Paru dans la presse 5

06/04/08-Paris
Luis Titi et Gérard Atatam
Un mois après la clôture définitive des envois, le jury du concours d’histoiresbreves.blogspot.com, composé de cinq membres de l’élite du monde académique français, a rendu son verdict : le lauréat du prix 2007 de la meilleure histoire brève est Anodos (clap clap clap).

Cette distinction, si méritée soit-elle, a été ternie par le contexte de scandale et de débats houleux qui a ballotté le petit monde des ‘tithistoristes au point du chavirage.
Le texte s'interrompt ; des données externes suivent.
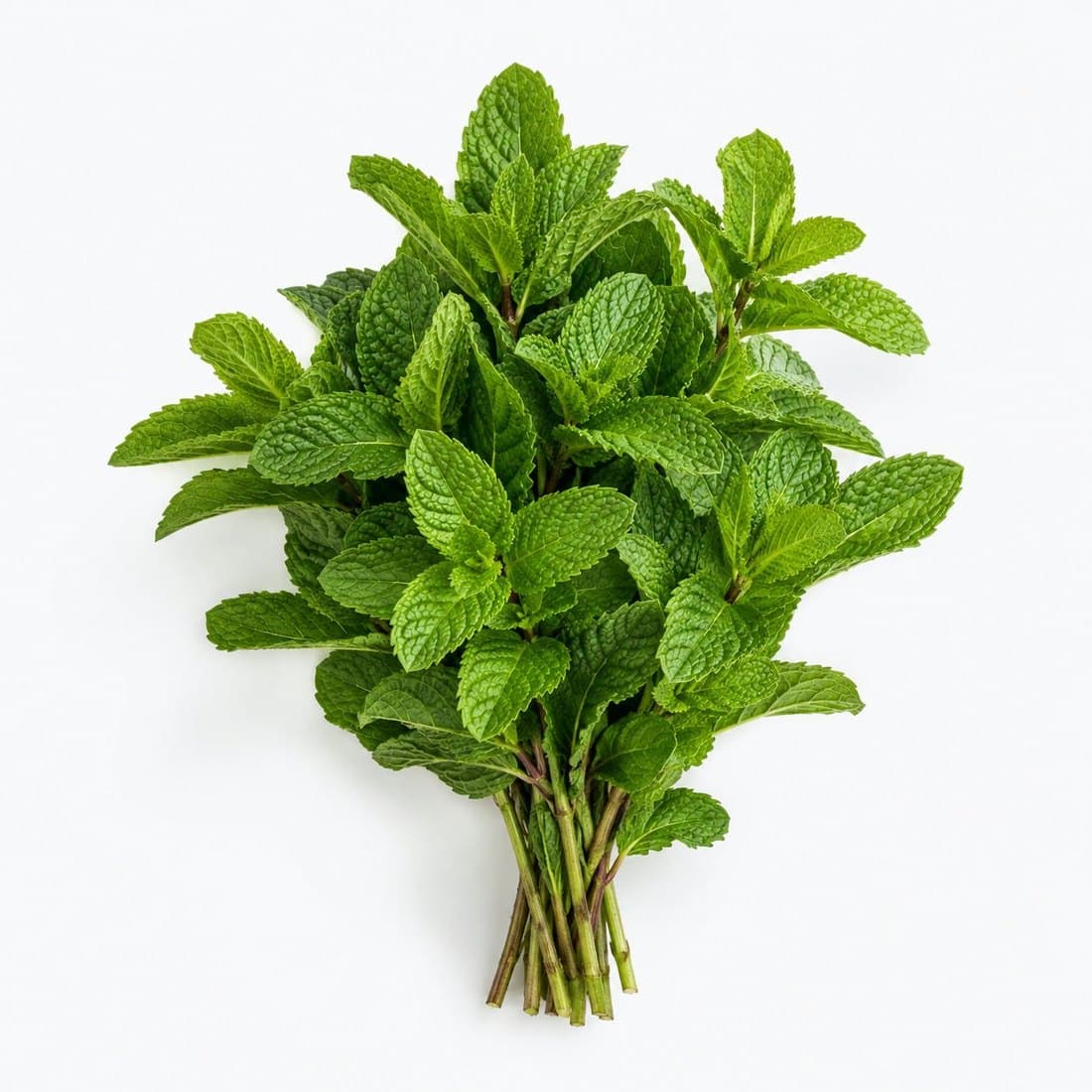 A bunch of fresh mint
Dans un communiqué datant du 1er avril, un groupuscule terroriste lié à Al-Qaïdi, Al-Qaïda life goes on wah, aurait avancé que, dans la mesure où Anodos n’avait guère composé de texte pour le concours, il méritait, sinon la peine capitale, au moins sa destitution des organes exécutifs (à ne pas confondre avec les organes…pardon je m’égare).

Le porte-parole de l’association estudiantine coquinedu92@hotmail.intl.br (oui le domaine international breton existe bel et bien!) a déclaré samedi: « Cette crapule d’Anodos, il ne mérite pas une telle victoire ! Nous le boufferons tout cru ! Servons le avec des torchettes !
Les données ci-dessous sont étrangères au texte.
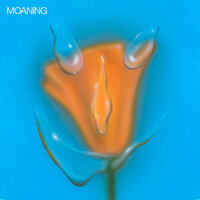 What Separates Us - Moaning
Le ministre de la Culture Christin Albaneau s’est dit inquiet de cette montée des tensions et a appelé au calme : « Ne mélangeons pas les torchettes et les servons ! Laissons les autorités compétentes mener leur enquête, et présumons innocents les membres du jury d’histoiresbreves.blogspot.com jusqu’à preuve du contraire. C’est là les fondements même de notre démocratie, de notre état de droit, et de notre irrédentisme nationaliste primaire à l’égard de tout barbare gargarisant de tout autre pays que le nôtre - rayer la mention inutile. »

Le président du jury, M. Dozer Ziwane, mieux connu pour ses exactions meurtrières au Lichtenstein au 18ème siècle, a expliqué que le choix du jury avait été motivé par l’urgence de trouver un gagnant, dans un contexte de délabrement moral des participants. «Prenez en pour preuve : parmi tous nos candidats, nous n’avions qu’Anodos qui répondait aux critères de rectitude morale que nous appliquons. Tous les autres, sans exception, étaient mineures, femmes, sociologues ou étrangers. Comprenez mon désarroi ! »

La situation a empiré lorsqu’un certain angeocheveurou a remis en question la sainteté irréfragable (juste avant irréfutabilité dans le petit robert) du jury en tenant que l’issue du concours déterminerait si le jury était véritablement impartial ou non. Piqués à vif, certains membres du jury ont démissionné dans un geste de contestation. M. Ziwane, contraint par la force des choses, a alors décidé de remettre la fraise d’or (c’est bien de cela qu’il s’agit non ?) à son ami de longue date Anodos, qui a su vilement soudoyer un jury vénal (ou ce qu’il en restait). Si l'exploit d'Anodos n’égale certes pas celui d’Al Gore (qui, à force de dessous-de-table, a fini par remporter le prix Nobel de la Paix pour une histoire d’aérophagie mondialisée), il lui permet néanmoins de repartir avec une fraise d’or ainsi que la modique somme d’un demi milliard d’euros.

Aussi méritée fut-elle, cette victoire d’Anodos, ne pouvait que, pour tous les autres loosers sans espoir candidats au concours, jeter un froid.